The other day I was rereading Jerry McGann’s 2009 TLS essay on “Our textual history”, and I was struck by a phrase that I had missed on the first reading and had never encountered before: August Böckh’s definition of philology as “die Erkenntnis des Erkannten” or “the (further) knowing of the (already) known.” A little Web research took me to an essay by Jürgen Paul Schwindt in the Süddeutsche Zeitung (18 December 2009) about the origin of this phrase. It was coined in 1809 by August Böckh, then 23 years old, and soon to become very famous as one of the giants of 19th century philology, in the first version of his signature project, the “Encyclopedia and Methodology of the Philological Sciences.”

What is it with age 23? Milton in Sonnet VII exclaimed

How soon hath Time, the subtle thief of youth
Stol’n on his wing my three-and-twentieth year!

and Schiller’s Don Carlos says something like “23 and done nothing yet for immortality”.

But I digress. What was it about Böckh’s phrase that arrested my attention? I saw in it a sudden illumination of the question whether and how one can use forms of “text mining” for literary analysis. I worry less about the “whether” than the “how, ” and I don’t agree with the French medievalist whom I have quoted before as saying “L’ordinateur est un instrument de déshumanisation de la recherche et de la désincarnation du vivant.” It may often work that way, but it doesn’t have to.

Still, in talking or working with people who are professionally engaged in text mining and know a great deal more about it than I, I have often been uneasy about a fundamental mismatch between what “we” do and “they” promise — leaving aside a more precise definition of just who “we” or “they” are. Once I shared my unease with a quick-witted colleague, who like me is quite interested in text mining, and he said: “Oh yes, those guys. They just go for the shortest vector.” Whatever it is we do in the humanities, we do not go for the shortest vector.

Almost two years ago, an essay in the New York Times about Exploring the Deep Web quoted the cofounder of a new searching as saying “Most search engines try to help you find a needle in a haystack, but what we’re trying to do is help you explore the haystack.” That spoke to some aspects of my unease. I was reminded of it today in a story in the New York Times about twenty-somethings who get up as early as Abraham did to stay ahead of the news cycle and brief their bosses by 8 am. One of them is quoted as saying:

“It’s reading the 1,000 stories in the papers and Hill rags, and finding that one needle in the haystack that’s going to matter.”

I’m not sure whether that is an exhilarating or miserable way of spending your time (probably both), but it also is not what humanists do most of the time, even if detective work of one kind or another may be an important part of our jobs. Nor are we typically in the situation of the computer scientist who gave a talk at the University of Chicago several years ago and described her experience at ATT, where seven gigabytes of data came across the transom every day and you had to do something about them today because tomorrow there would be another seven gigabytes (That was about a decade ago when seven gigabytes was still a lot of data).

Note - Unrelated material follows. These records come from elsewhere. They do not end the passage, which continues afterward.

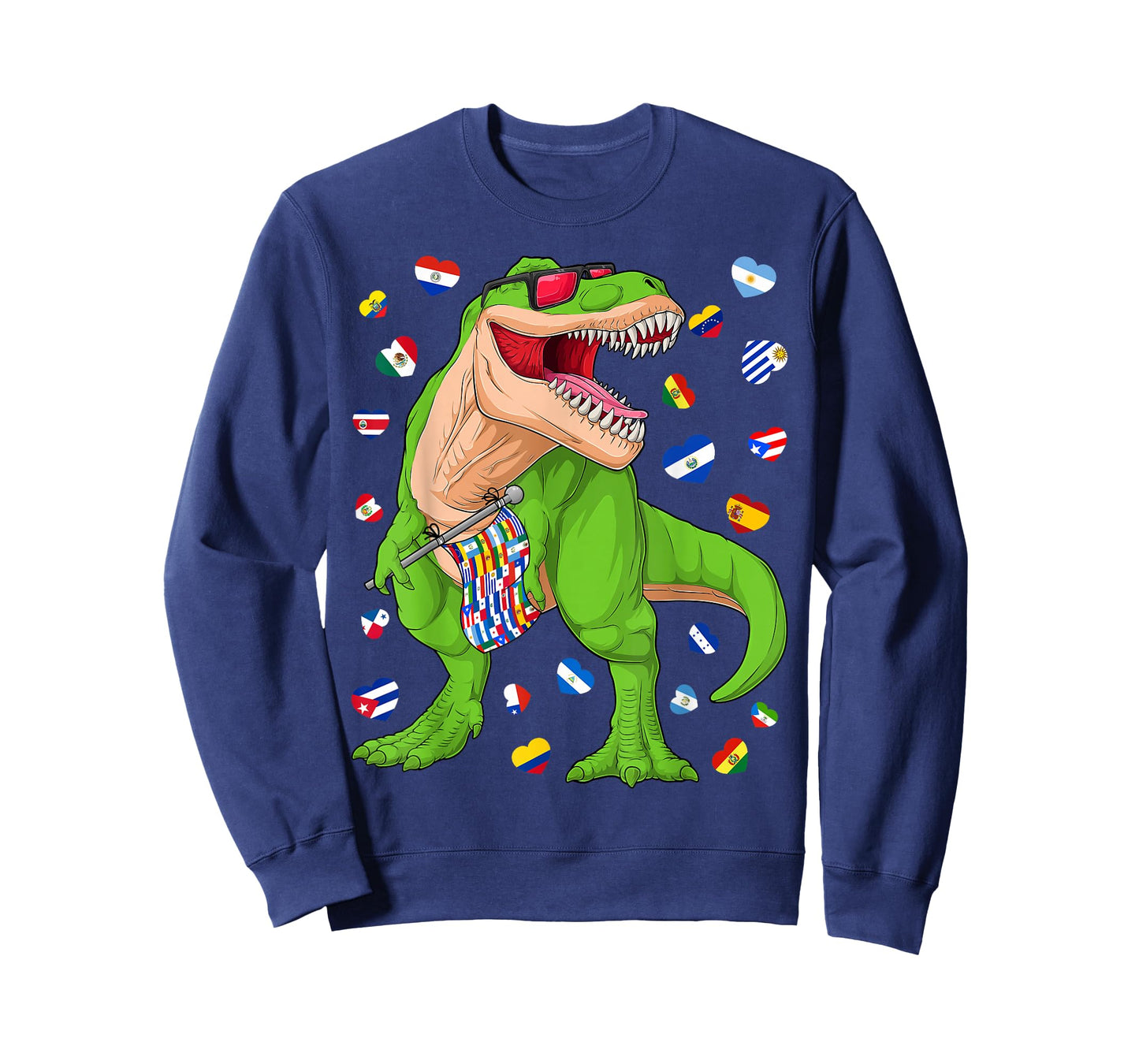Hispanic Heritage Month T Rex Dinosaur All Hispanic Flags T-Shirt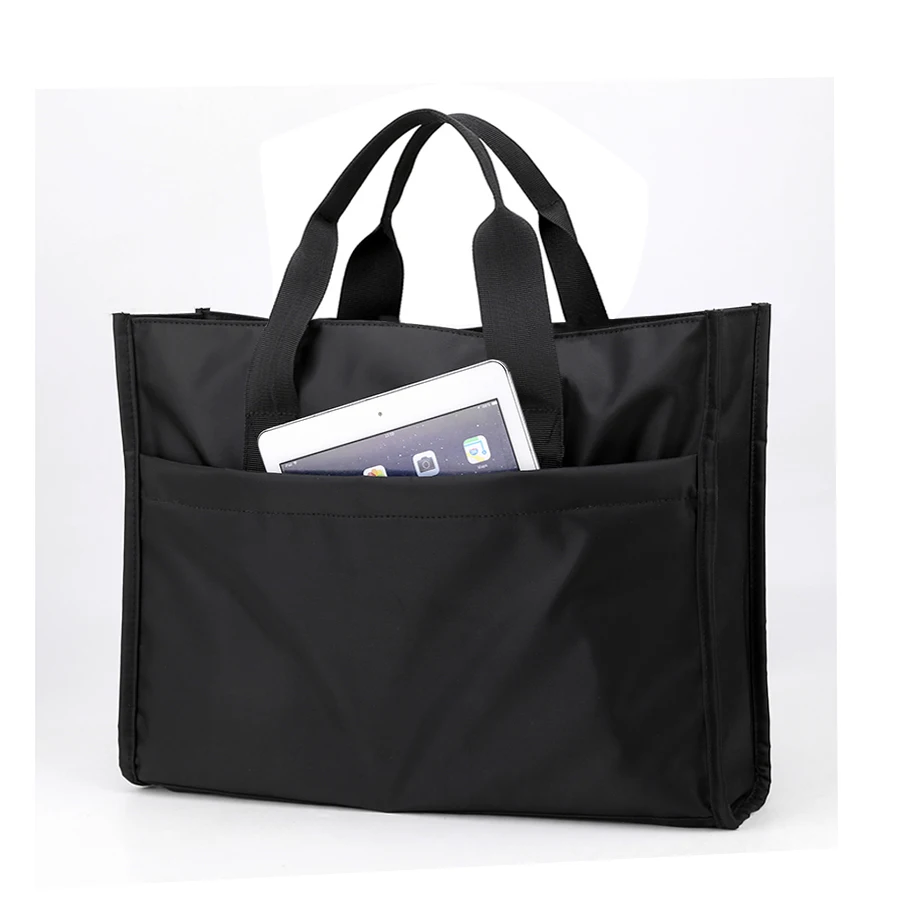 

Men's Office Nylon Briefcase Waterproof Computer Bag Casual Multi-layer Business A4 File Handbag Soft Shoulder Bag for Youth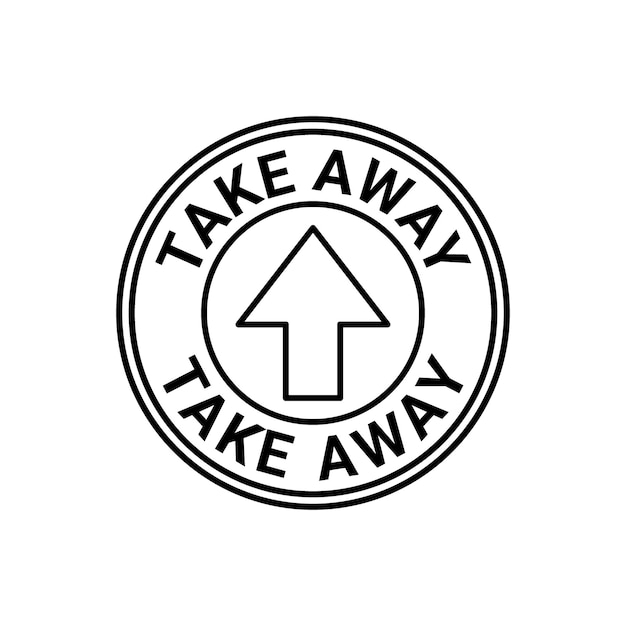 Take Away sign for food bag line icon in circle Takeout service Symbol free takeaway food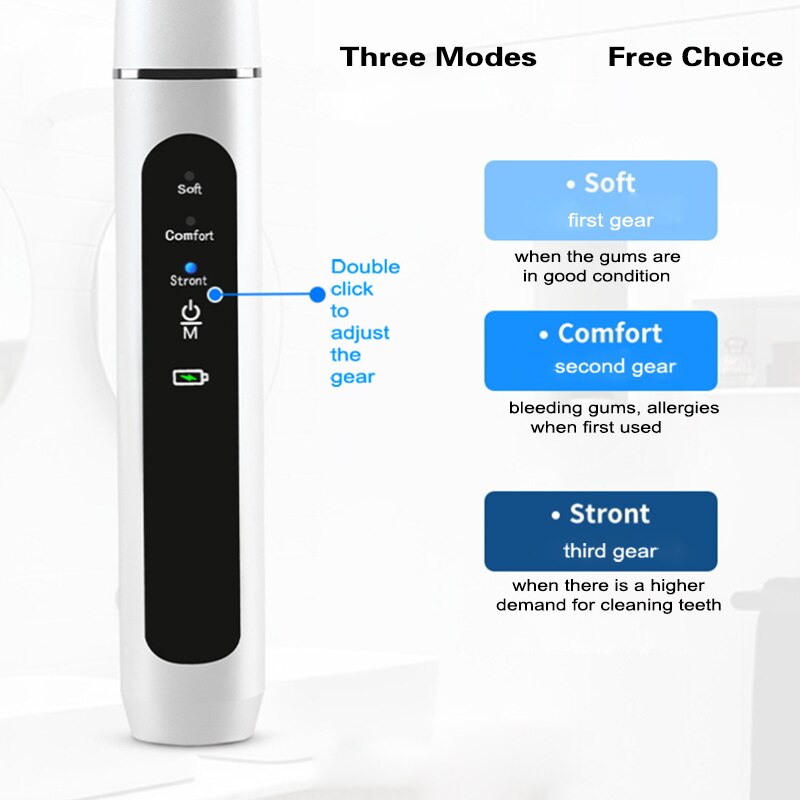 Elektrische Ultrasone Tandsteen Remover 3 Werkmodus Vervangbare Werken Tips Tandplak Tandsteen Vlekken Verwijderen Cleaner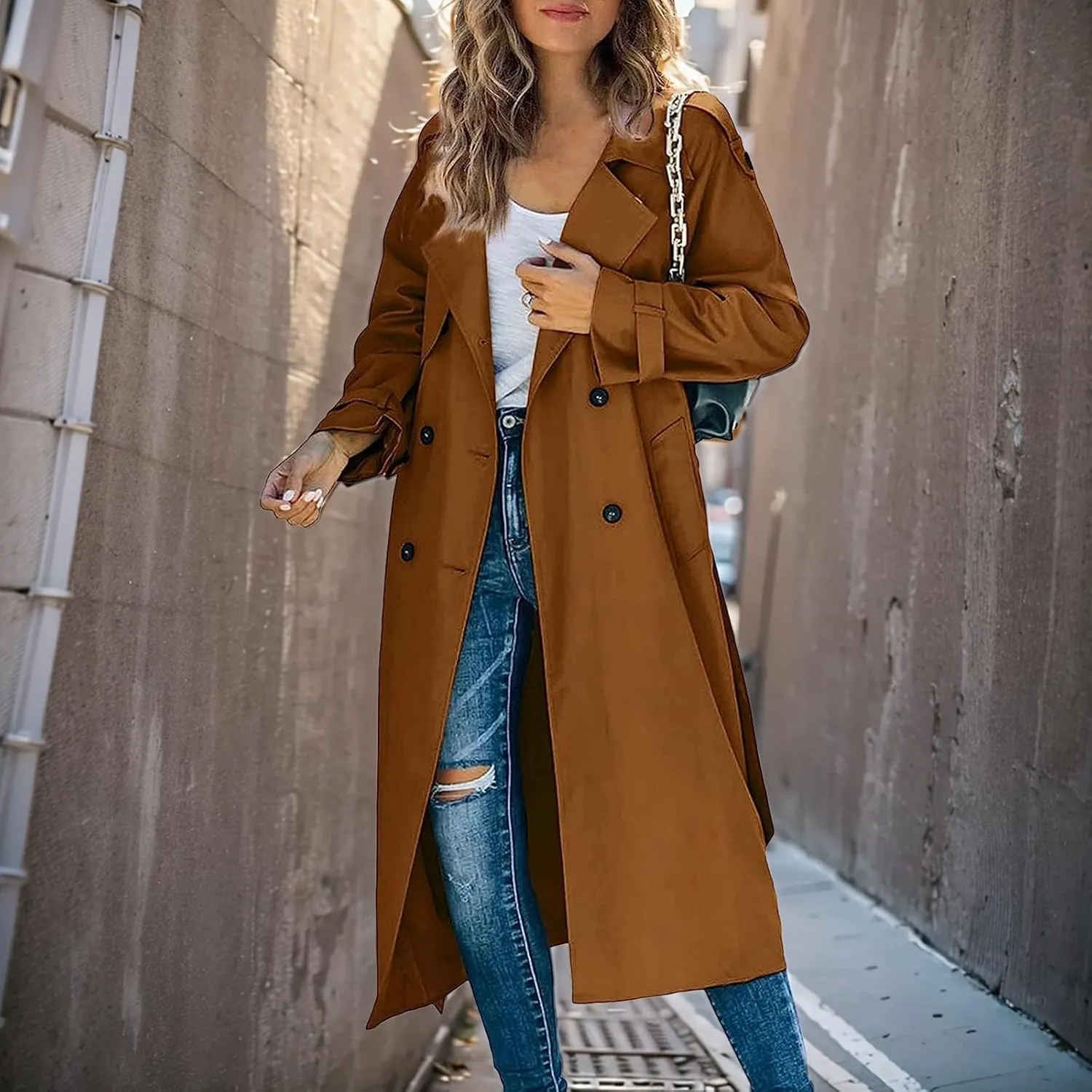 Womens Double Breasted Long Trench Coat Casual Lapel Open Front Pea Coat Winter Windbreaker Jacket Overcoat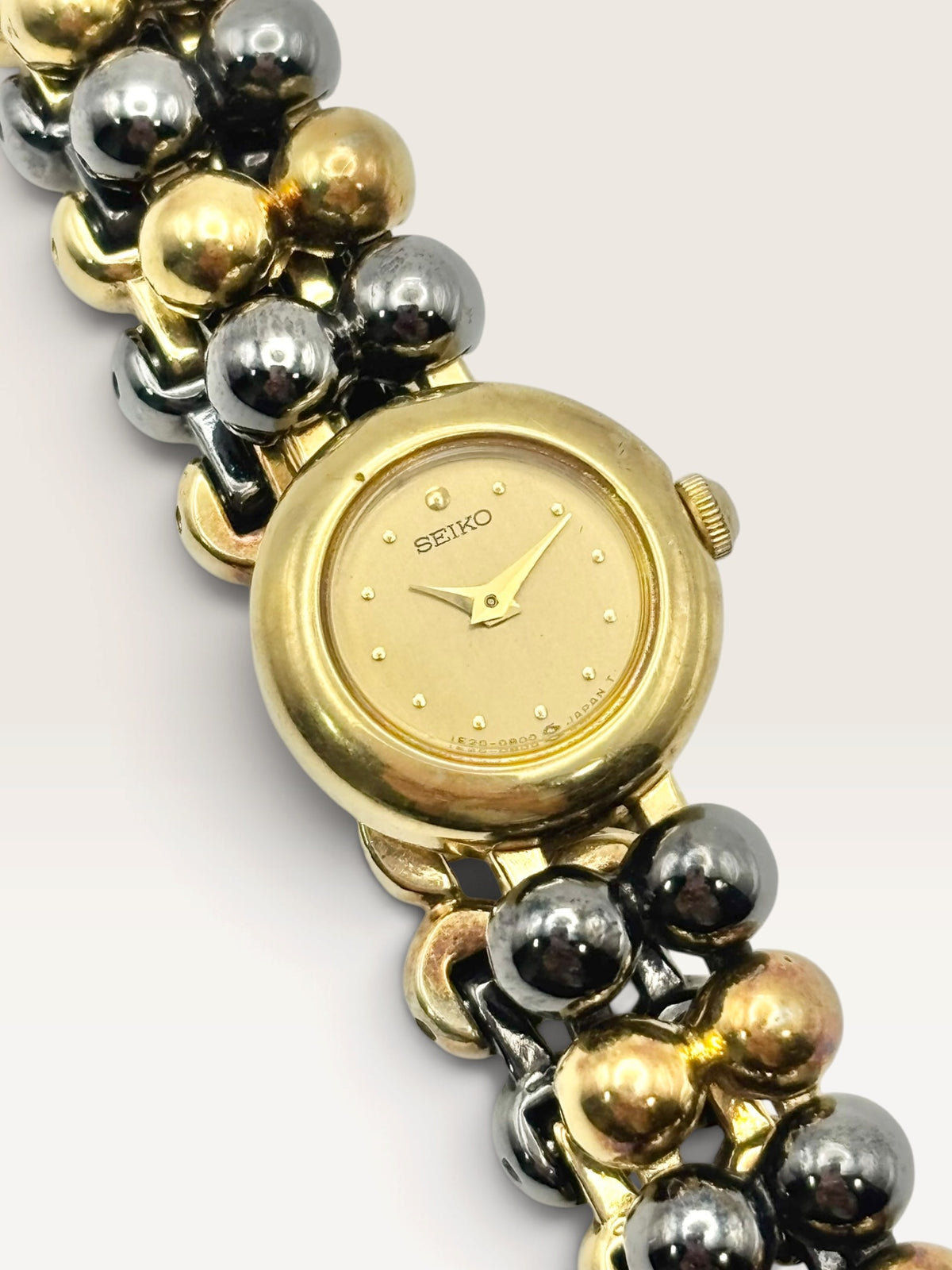 SEIKO 1E20-0290 Vintage Two-Tone Beaded Bracelet Quartz Watch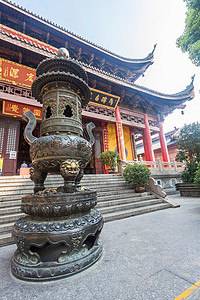 寺庙香炉旅游江苏省无锡南禅寺背景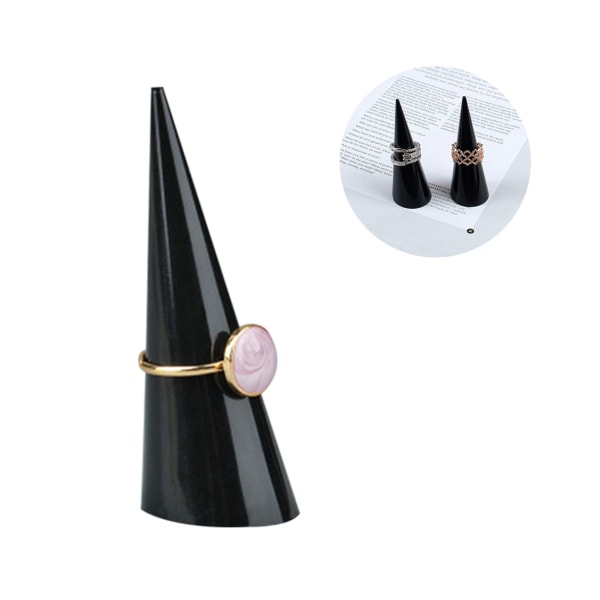 5-pack Konformad Akryl Solid Ring Display för Smyckesvisning Displayställ (Klar & Svart & Vit) - Svart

In search scenarios of this kind, you find yourself in the midst of tons of data about which you know nothing and need to find something that plausibly completes the sentence “the bottom line is that…” But this is not the typical scenario for humanist scholars in their engagement with the primary data around which their projects revolve. They already know a lot about the object of their inquiry, but they want to know more. In most cases, they are unlikely to find much use for the techniques, subtle and crude at the same time, by means of which text mining extracts something from the unknown.

I have quite a few times been in a situation where a text miner told me about the result of some text analysis operation where I knew something about the data, and I was usually too polite to quote Horatio:

There needs no ghost, my lord, come from the grave
To tell us this.

Böckh’s marvelous phrase draws our attention to the most characteristic aspect of the interpretative labour that is at the heart of Literary Studies and similar disciplines. It is a matter of knowing more about things that we already know something about. There is no bottom line to this knowledge. Or, as Böckh put it in another famous sentence: “Die Philologie ist, wie jede Wissenschaft, eine unendliche Aufgabe für Approximation.” (Philology is, like every other science, an unending task of approximation”).

It might not be a bad idea to write those two phrases by Böckh in large letters on the door of any developer or designer or project director whose goal it is to make some tool that will help readers with the task of making sense of what they read — the knowing of the known as an unending task of approximation. And with the right graphics they might add up to an inspiring screen saver. But developers, designers, and project directors who take those two phrases to heart in creating software for humanists will do a much better job.